Diese Worte klangen wie ein freundlich einladender Gong. Ermunternd, mit ihrer eigenartig klangvollen Stimme, in Begleitung eines verheißungsvollen Lächelns, sprach sie weiter. „Da habe ich mich zwangsläufig zu einem etwas eigenartigen Standpunkt durchgerungen." Eine kurze Verlegenheitspause entstand, in deren Verlauf sie mit einem breiten Lächeln, wiegendem Kopf und allerliebst rollenden Augen ihren Spazierstock kühn durch die Luft schwenkte. Mit ernsthaften Worten ermunterte ich sie zum Weiterreden. Alsbald sprach sie ohne Hemmungen. „Ich halte solche Männer für die aufrichtigsten, die, nachdem sie mit mir einen Flirt begonnen haben, auch meinen Körper wirklich nehmen. Bitte, denken Sie nicht schlecht von mir, es ist gewiss kein alltägliches Bekenntnis, was ich Ihnen da beichte, aber bedenken Sie doch meine besondere Lage, die ich hier als Farbige einzunehmen gezwungen bin. Ich habe doch nicht zu erwarten, dass man mich heiratet. Soll ich also mein ganzes Leben vertrauern?"

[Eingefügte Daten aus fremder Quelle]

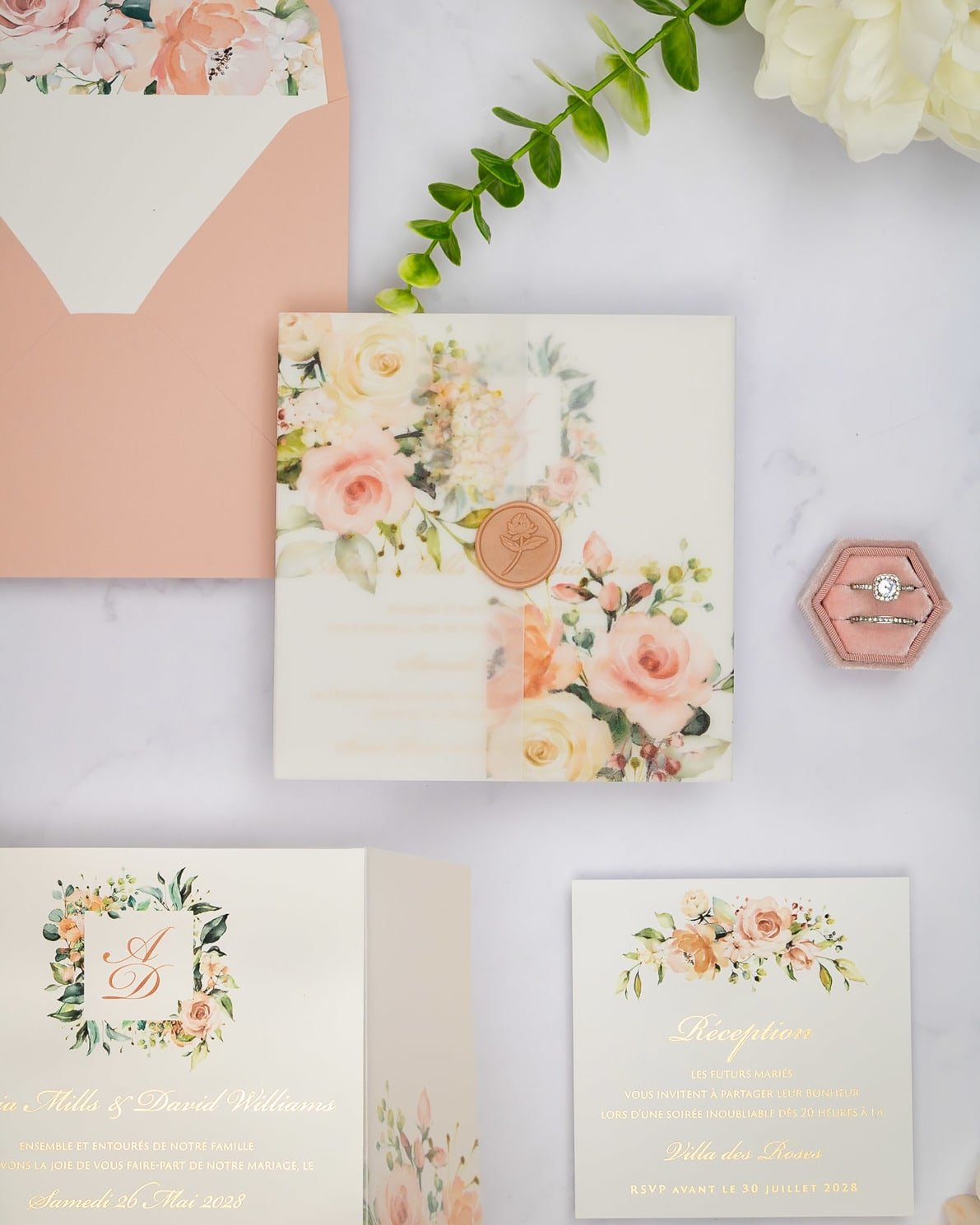 "Jais" - Faire-part de mariage fleuris élégant et romantique avec dorure or et wax seal – Wedding stationery - Création Luxe Carterie Studio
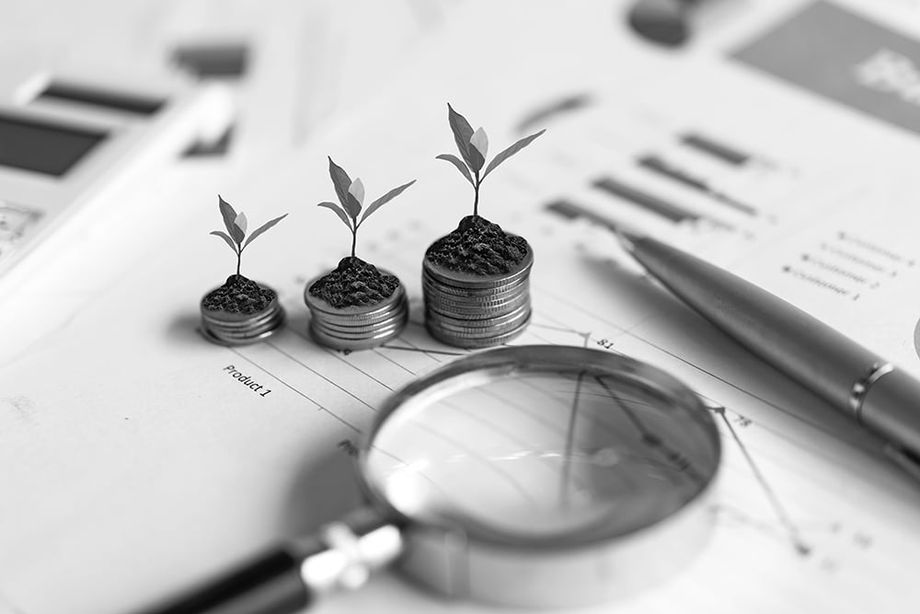 Closeup of tiny growing seedlings in dabs of soil atop stacks of coins next to a magnifying glass atop business graphs.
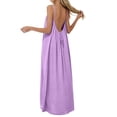 thumbnail image 5 of Hiiko Women's Backless Spaghetti Strap Maxi Dress Casual Solid Color Loose Cami Dresses, 5 of 6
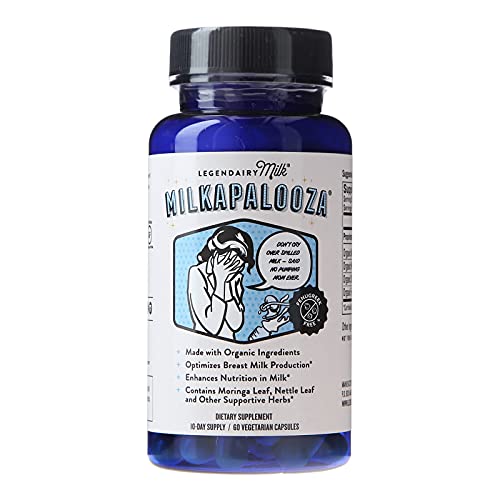 Legendairy Milk Milkapalooza Lactation Supplement for Breastfeeding Moms, Increase Breast Milk Supply with Organic Moringa, Fennel, Nettle, & Shatavari, Vegan Postpartum Essentials Fenugreek-Free 60ct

Selten habe ich eine Frau so offen reden hören. — Wir schritten nun bedeutend langsamer, in die Betrachtung der dämmergrauen Fluren verloren, nebeneinander. Gegen meine bisherige Art fasste ich zartfühlend ihre Hand. Zu sentimentalen Anwandlungen ließ es Alfreda nicht kommen, ihr afrikanisches Temperament zerschlug blitzartig die letzten Schleier spröder Rücksichtnahme. Vielleicht war diese Frau verehrungswürdiger als manche ihrer weißen Schwestern. Zum mindesten hatte ihre absonderliche Stellung sehr zum Nachdenken angeregt und somit einen geläuterten philosophischen Charakter geschaffen. Ein Briefwechsel, der noch weit über meine Thüringer Tage hinausreichte, hat mir noch manchmal den Wert dieses Menschenkindes aus den heißen Gefilden Afrikas bestätigt.
Meine militärische Tätigkeit bei der Truppe war gleich Null. Über Halle ging die Fahrt nach Magdeburg. Niemals hätte ich geglaubt, noch einmal mit einer Kanone in derselben Kaserne herumkutschen zu müssen, in der ich als Rekrut schon eine gehörige Anzahl Schweißtropfen verloren hatte. Freilich, vieles war anders geworden, an Schwitzen war nicht mehr zu denken, und doch bekam ich Zweifel, ob meine Anwesenheit im Kreise dieser Söldner noch gerechtfertigt war. Übrigens erlebte ich auf einem Besuchsweg nach Magdeburg-Neustadt eine unliebsame, für mich beinahe verhängnisvolle Auseinandersetzung mit etlichen Arbeitern. Ein bekanntes Mädel aus der Tangermünder Jugendgruppe, Lotte N., wohnte in der Neustadt bei einer Verwandten in der Mittagstraße. Dort wollte ich einen Patronengurt und mehrere Handgranaten hinterlegen, um sie später, wenn ich nicht mehr Soldat des Freikorps sei, abzuholen. Aus Blankenhain hatte ich einen Karabiner nach Stendal geschickt, jedoch bot sich keine Gelegenheit, die nötigen Patronen dazu zu ergattern. Auf dem Transport nach Magdeburg war mir das geglückt. Alles war schön verpackt, und die alte Dame war bereit, ohne zu wissen, was sie in Verwahrung nahm, mir meinen Pappkarton aufzubewahren. Lotte war leider nicht anwesend und kehrte aller Wahrscheinlichkeit nach sehr spät zurück.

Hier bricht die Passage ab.